### PROBLEM DESCRIPTION
Please transcribe exactly, and only, the lines of the data below between the line holding "Holiday Inn Express" and the line holding "Ein alter Fußweg", inclusive.

### RECORDS TO PROCESS
- - -

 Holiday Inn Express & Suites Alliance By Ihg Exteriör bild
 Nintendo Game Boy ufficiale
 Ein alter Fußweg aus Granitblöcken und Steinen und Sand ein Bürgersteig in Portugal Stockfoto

- - -

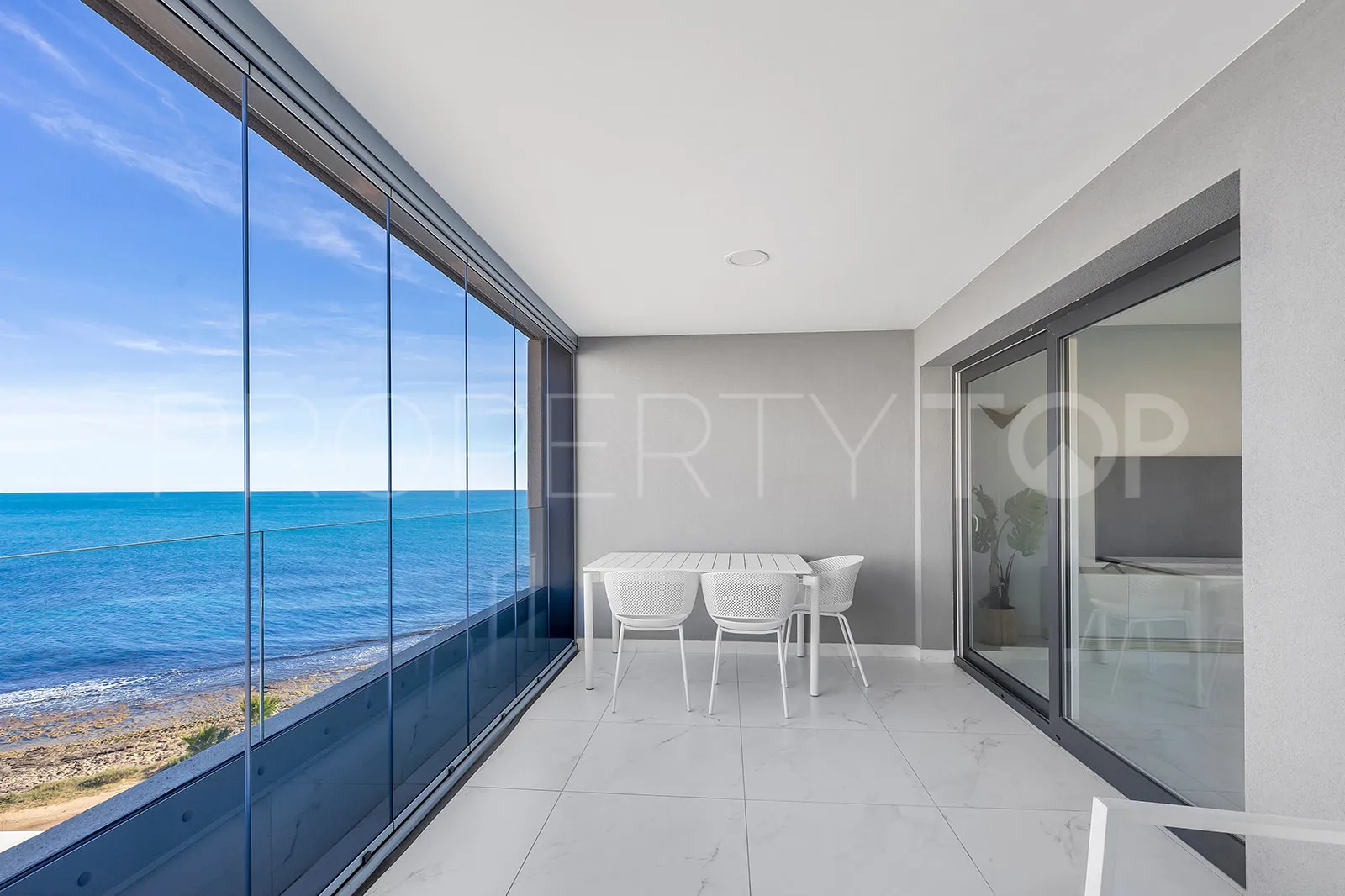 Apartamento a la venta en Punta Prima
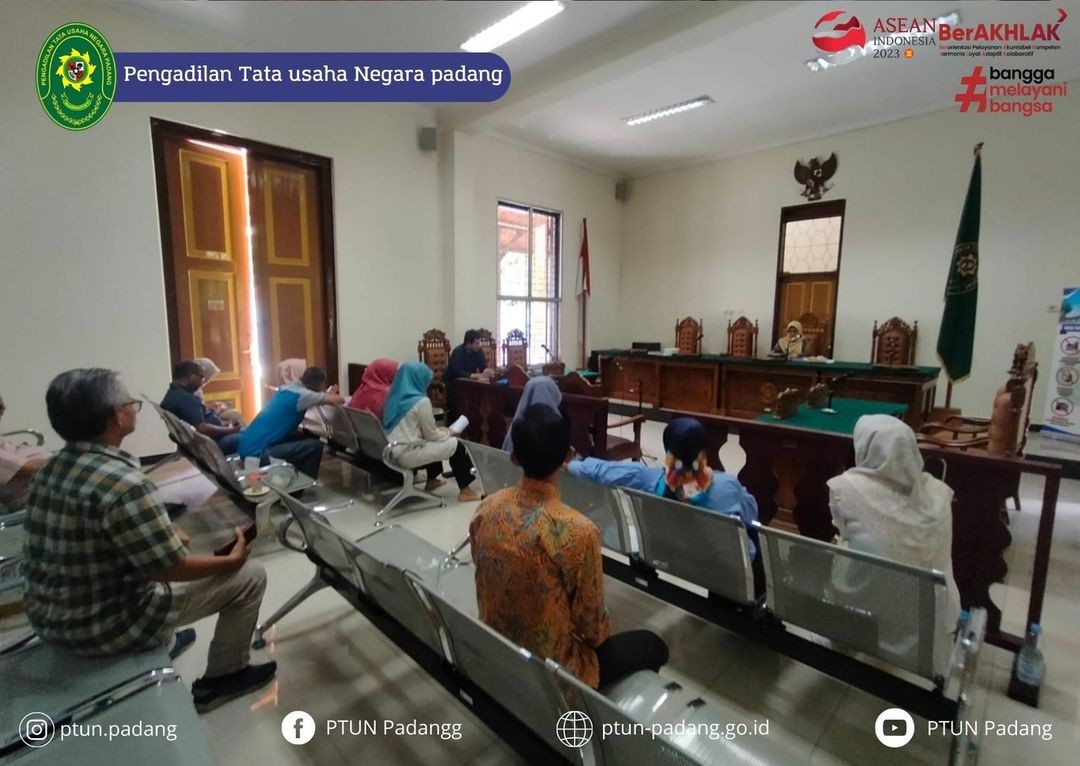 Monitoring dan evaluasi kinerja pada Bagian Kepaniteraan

- - -

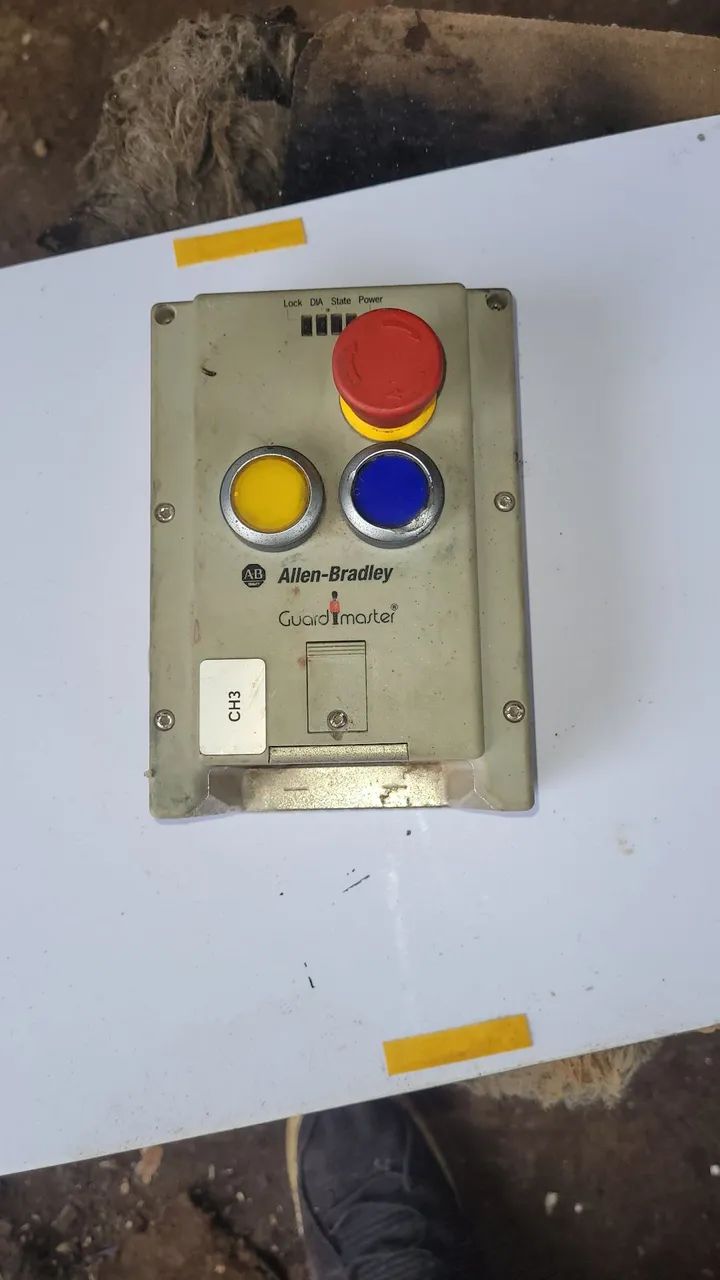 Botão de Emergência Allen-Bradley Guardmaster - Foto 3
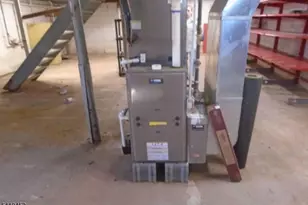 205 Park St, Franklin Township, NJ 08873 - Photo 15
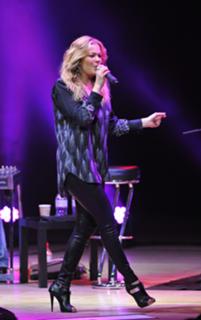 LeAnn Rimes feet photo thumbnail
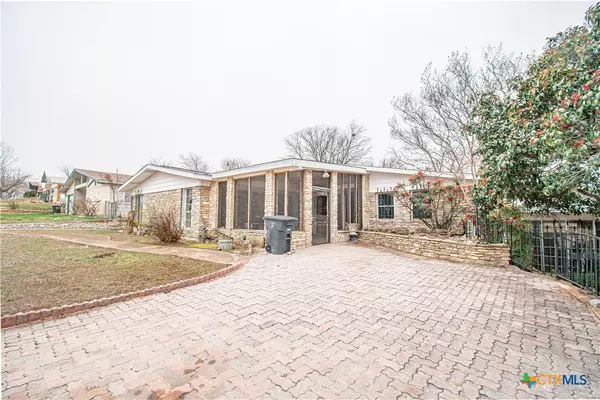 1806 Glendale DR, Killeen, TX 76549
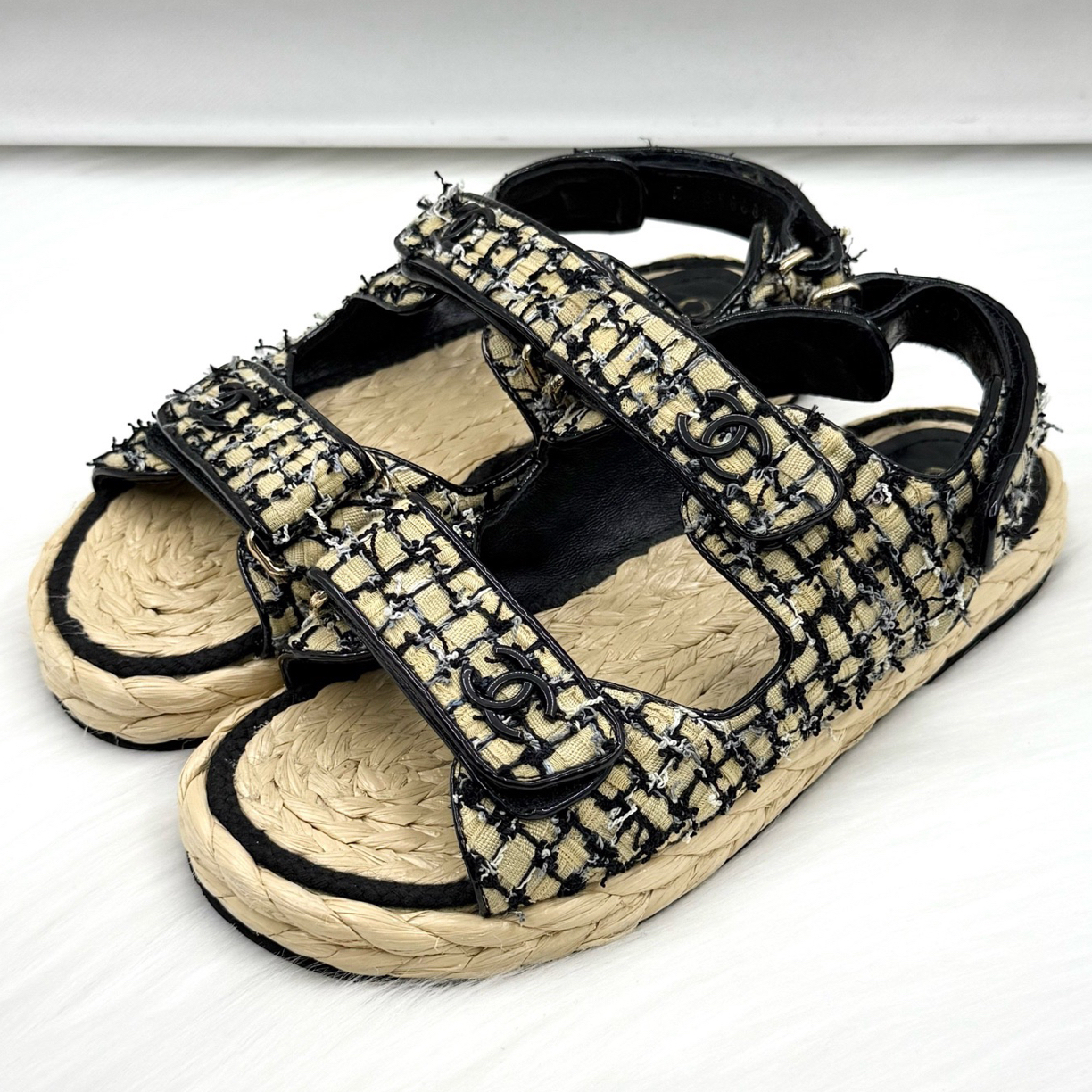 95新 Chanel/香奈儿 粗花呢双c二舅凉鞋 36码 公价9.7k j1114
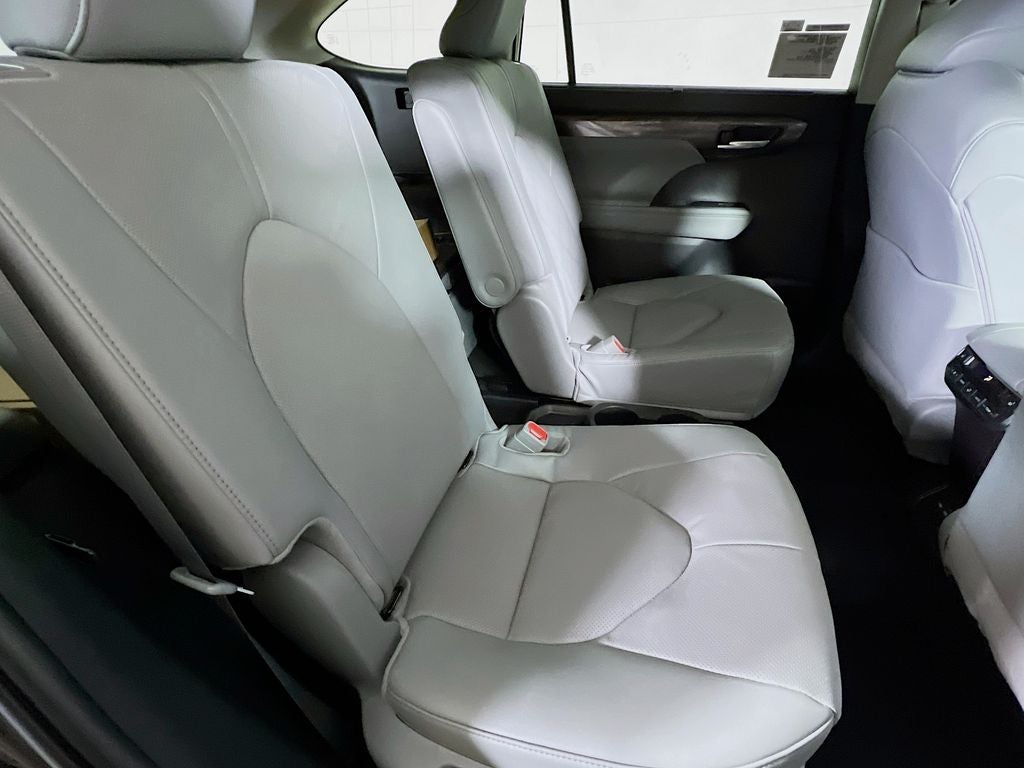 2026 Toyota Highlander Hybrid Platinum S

- - -

### RESPONSE TO THIS EXERCISE
 Holiday Inn Express & Suites Alliance By Ihg Exteriör bild
 Nintendo Game Boy ufficiale
 Ein alter Fußweg aus Granitblöcken und Steinen und Sand ein Bürgersteig in Portugal Stockfoto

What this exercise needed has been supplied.